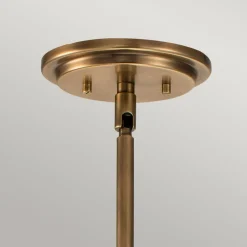 Bürolampen|Wohnzimmerlampen*Elstead Hängeleuchte Metall Glas D: 28,9 cm H: max. 129,4 cm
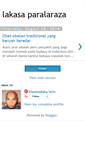 Mobile Screenshot of lakasaparalaraza.blogspot.com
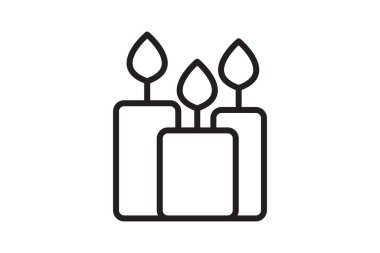 candles vector icon. flat style design.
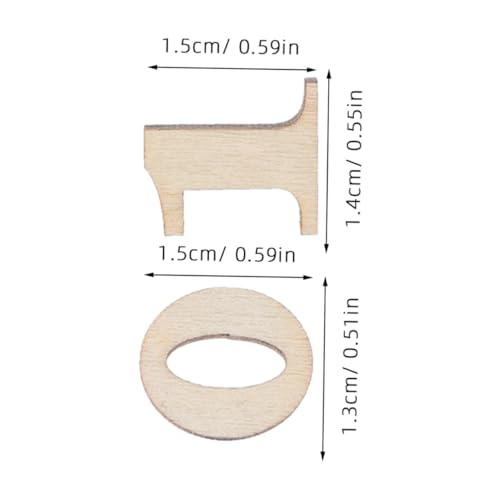 Parliky Lernspielzeug aus Holz leere Holznummer Holz brennende Alphabetbuchstaben mittelgroße Ausschnittsnummer natürliche Holzzahlen DIY-Kunstprojekt kleine Holzzahlen Beige von Parliky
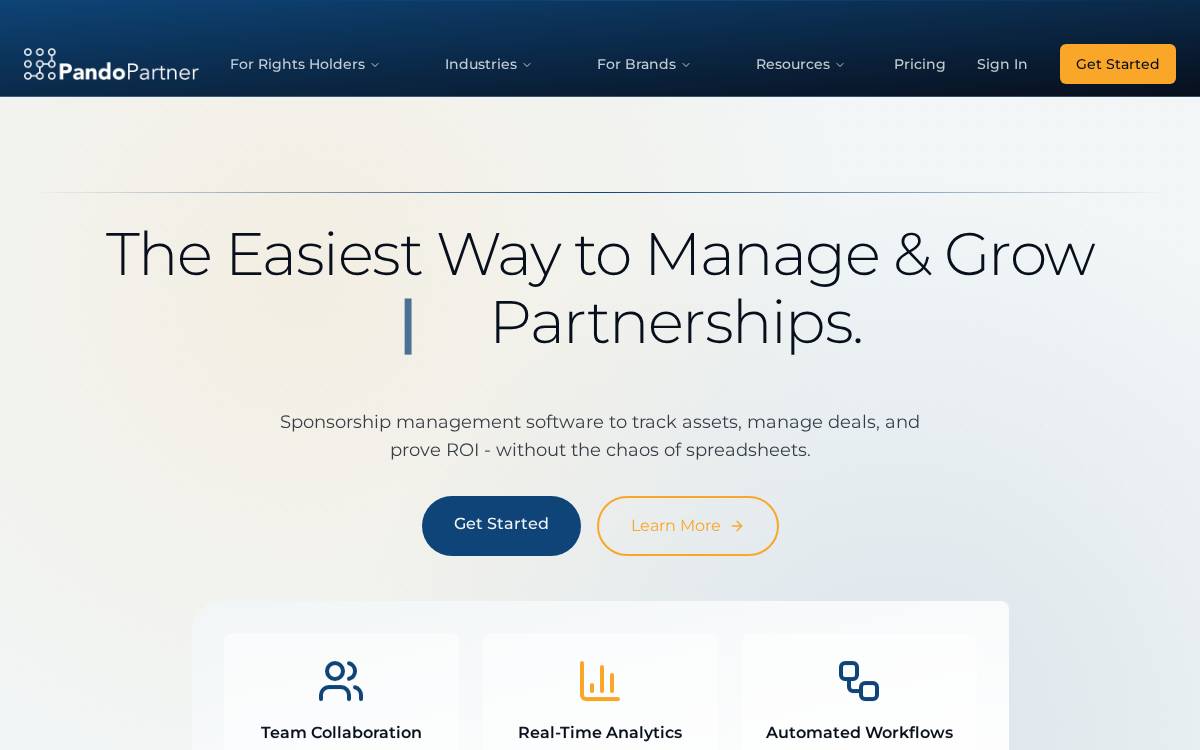PandoPartner website preview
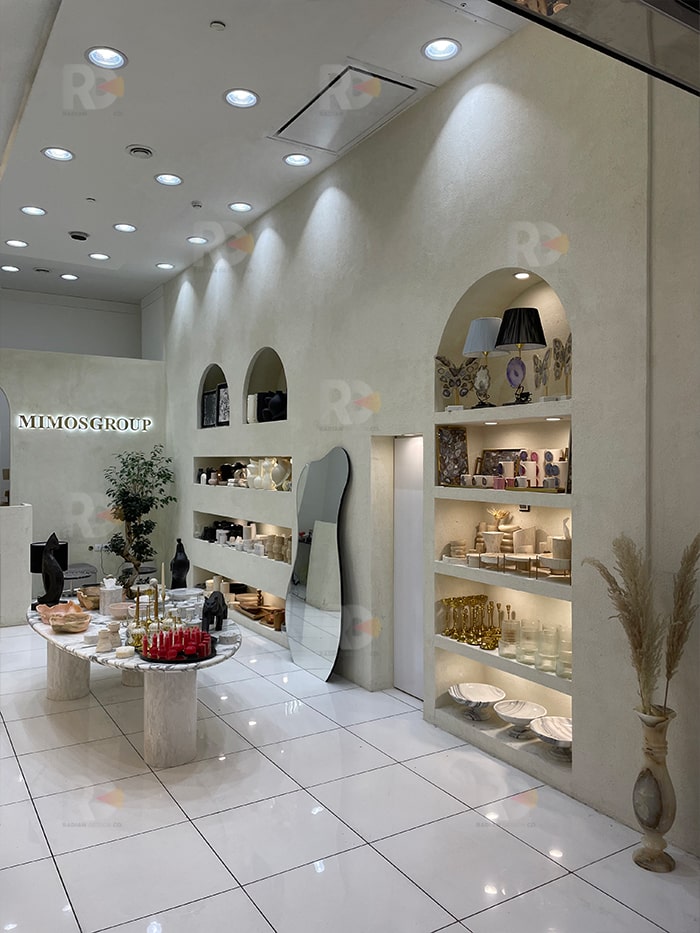 نمونه کار میکروسمنت دیوار و سقف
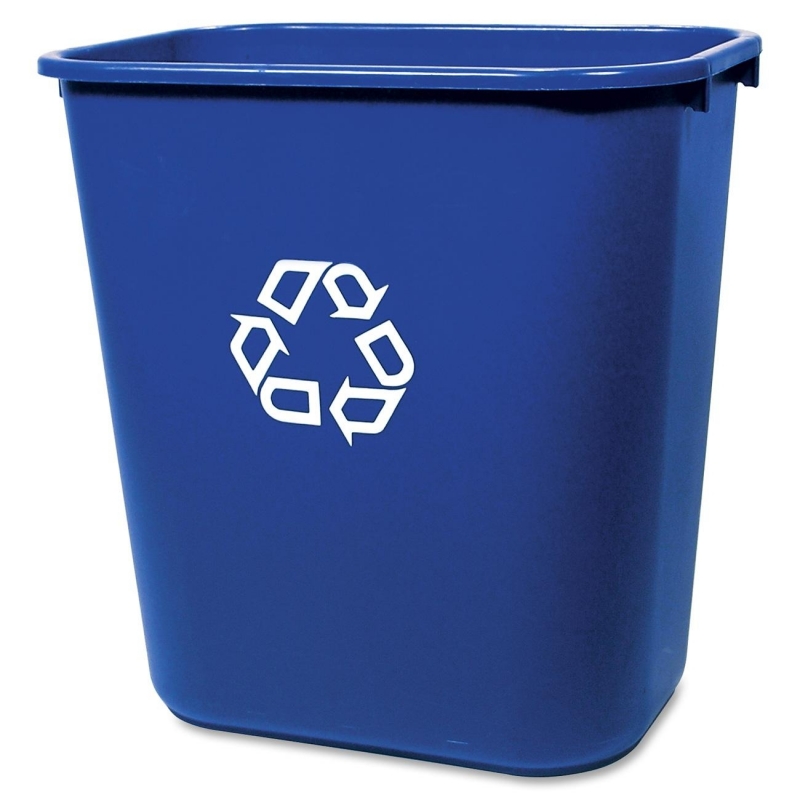 Rubbermaid Rubbermaid Deskside Recycling Container 295673BE RCP295673BE 295673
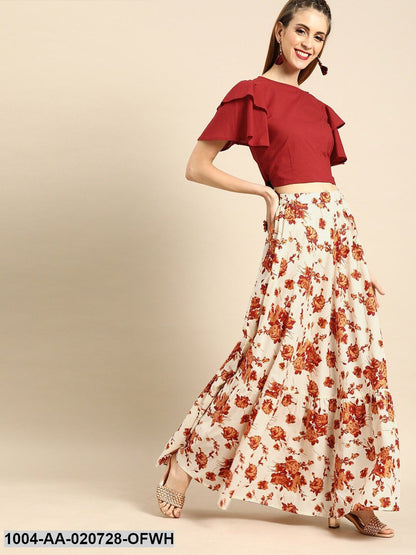 Solid Top with Skirt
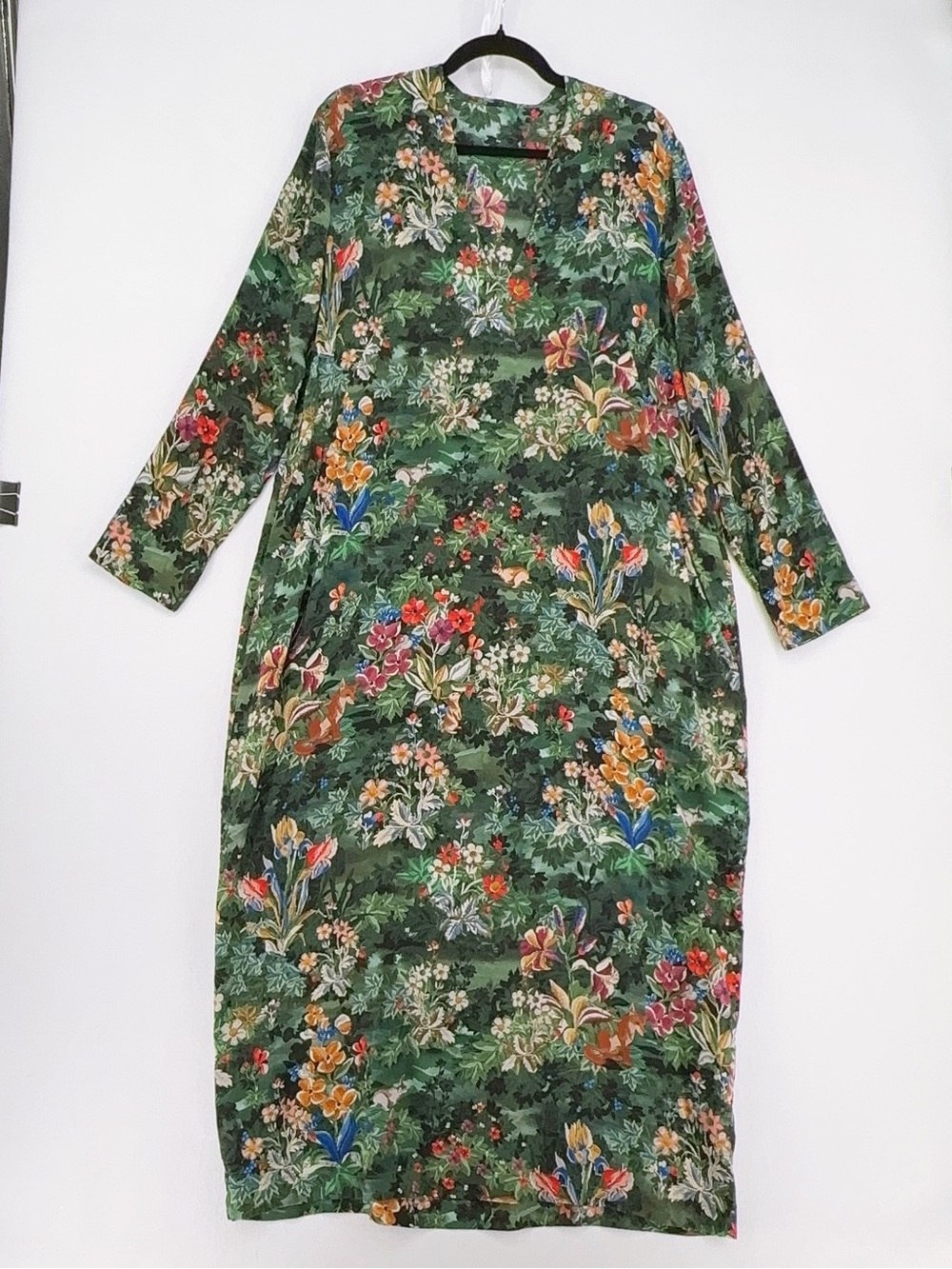 Momoni Green Silk floral printed Dresses size M (42)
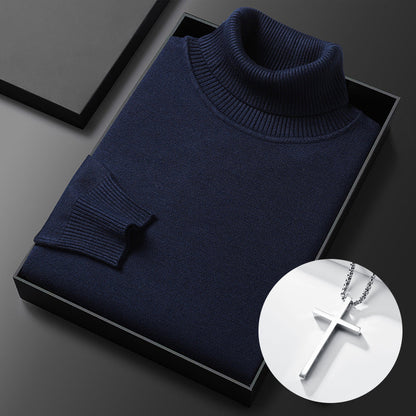 ⏳ Hot Sale!  ⏰Men's Solid Color Premium Turtleneck Sweater👔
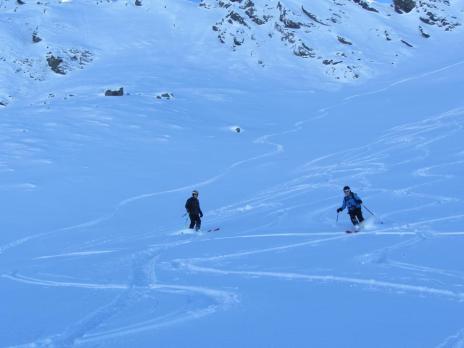 Les Arcs initiation ski de randonnée
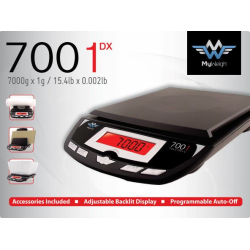 My Weigh 7001DXB Kitchen & Postal Scales Black 7kg x 1g My Weigh - 4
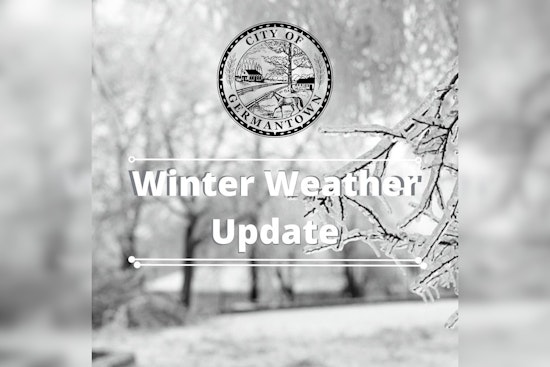 Germantown Shuts Down City Facilities Ahead of Snowstorm, Sanitation Services Postponed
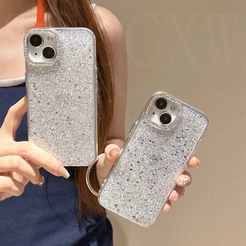 Capa Luxuosa De Lantejoulas Com Glitter Diamante Para Motorola Moto Edge 50 60 Fusion 40 NEO G22 E32 G G75 G15 Power G05
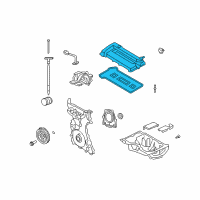 OEM 2007 Mercury Mariner Valve Cover Diagram - 4S4Z-6582-C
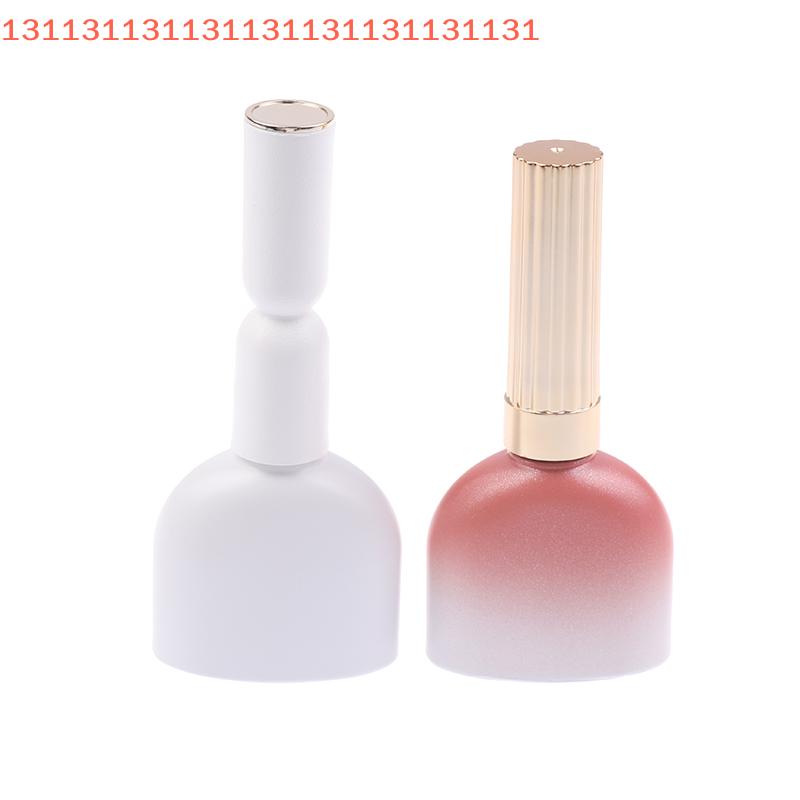 Empty Gel Packaging Refillable Cosmetic Pot Manicure Oil Dispenser 15ml Mini Glass Nail Polish Bottle with Brushes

- _Task instructions_
Look above for the line containing "Premium Turtleneck Sweater👔"; output that line and all lines after it through the last one exactly, without the pictures.

- _Result of this exercise_
 ⏳ Hot Sale!  ⏰Men's Solid Color Premium Turtleneck Sweater👔
 Les Arcs initiation ski de randonnée
 My Weigh 7001DXB Kitchen & Postal Scales Black 7kg x 1g My Weigh - 4
 Germantown Shuts Down City Facilities Ahead of Snowstorm, Sanitation Services Postponed
 Capa Luxuosa De Lantejoulas Com Glitter Diamante Para Motorola Moto Edge 50 60 Fusion 40 NEO G22 E32 G G75 G15 Power G05
 OEM 2007 Mercury Mariner Valve Cover Diagram - 4S4Z-6582-C
 Empty Gel Packaging Refillable Cosmetic Pot Manicure Oil Dispenser 15ml Mini Glass Nail Polish Bottle with Brushes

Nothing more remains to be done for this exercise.